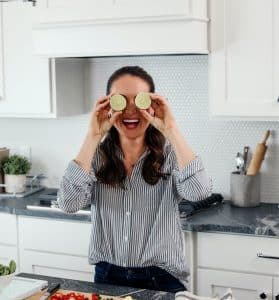 Woman with two limes on eyes smiling and posing for camera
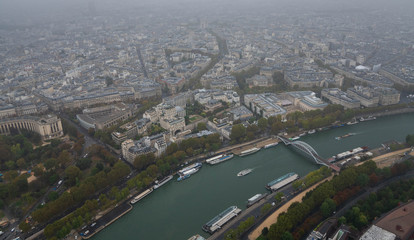 Fototapeta premium Panorama of Paris - The view from Eiffel-tower on a rainy day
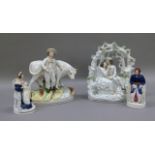 A Victorian Staffordshire flat back figure of a farmer and his cow, 22cm high; together with a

Exercise
Write down the full listing above exactly as it is, except for any images.

Answer to the exercise
 Woman with two limes on eyes smiling and posing for camera
 Fototapeta premium Panorama of Paris - The view from Eiffel-tower on a rainy day
 A Victorian Staffordshire flat back figure of a farmer and his cow, 22cm high; together with a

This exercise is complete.